Group Plans Disclosure Amendment, Possible Ethics Fix

by Steve Brawner ([email protected]) 41 views 

Regnat Populus, the citizens group whose efforts led to the passage of the so-called ethics amendment in 2014, and other groups will attempt to pass an initiated act requiring Arkansas independent political groups to disclose their donors and that would request that Congress advance a constitutional amendment allowing campaign finance limits.

The group may also try to fix a loophole in the ethics amendment that founder Paul Spencer said left him feeling “betrayed” by legislators.

The initiated act would let voters say if Arkansas should join the 16 other states that have passed similar resolutions asking for a constitutional amendment limiting campaign donations. Those resolutions have come in the wake of the Supreme Court’s Citizens United decision allowing unlimited spending by corporations and unions. Congress and the states would have the ability to limit campaign donations, said John Bonifaz, founder of the national group Free Speech for People.

The act also would require the disclosure of donors to independent groups supporting candidates. The groups have mushroomed in recent years in the wake of the Citizens United ruling.

Supporters of the act have submitted four versions to the attorney general’s office. Spencer said Tuesday (May 19) after a rally that he is confident this latest one will be approved, and when that happens, his group will begin collecting signatures.

Spencer also said his group “has a few surprises up our sleeves” regarding a part of the ethics amendment widely skirted by legislators. In 2014, voters passed an amendment, produced by legislators in response to Regnat Populus’ efforts, that among other provisions prohibited the purchase of gifts for legislators by lobbyists.

However, the amendment included a section allowing lobbyists to buy gifts for legislative bodies. The intent, Spencer said, was a good-faith effort on his group’s part “so you could have this rule where a specific committee, a specific governmental body could participate with the lobbying community to learn more about their job.”
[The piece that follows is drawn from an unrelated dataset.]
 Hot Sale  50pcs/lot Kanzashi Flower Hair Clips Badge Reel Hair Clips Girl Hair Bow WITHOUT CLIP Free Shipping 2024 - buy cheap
Instead, lobbyists commonly provided meals for the entire body and found other ways to bypass the law.

“I am irritated beyond polite usage of English language at this point in time when it comes to the exploitation of the loophole,” Spencer said. He later added, “I do feel that the spirit of that law was exploited, and I do feel entirely betrayed by the General Assembly.”

Spencer said his group was not ready to say how it would respond, but he added, “I feel a degree of responsibility for that, and I would really try to rectify that if at all possible.”

Among the other speakers were Bob Estes of the Arkansas Coalition for Peace and Justice, Rev. Stephen Copley of the Arkansas Interfaith Alliance, Arkansas AFL-CIO President Alan Hughes, 2014 legislative candidate Tyler Pearson, and representatives of the groups People for the American Way and Public Citizen.

Rep. Clarke Tucker, D-Little Rock, told the crowd of about 70 participants that he tried in the past legislative session to pass campaign disclosure legislation. He also tried to pass legislation that would have classified the coordination by a candidate with an outside group as an in-kind contribution to the candidate. The disclosure piece failed in a House Committee. The coordination piece passed the House but fell short on the Senate floor.

Rhana Bazzini, an 81-year-old activist who led a march across Florida from Sarasota to Tallahassee to protest current campaign finance laws, also spoke and led the group on a march from MacArthur Park to the Capitol.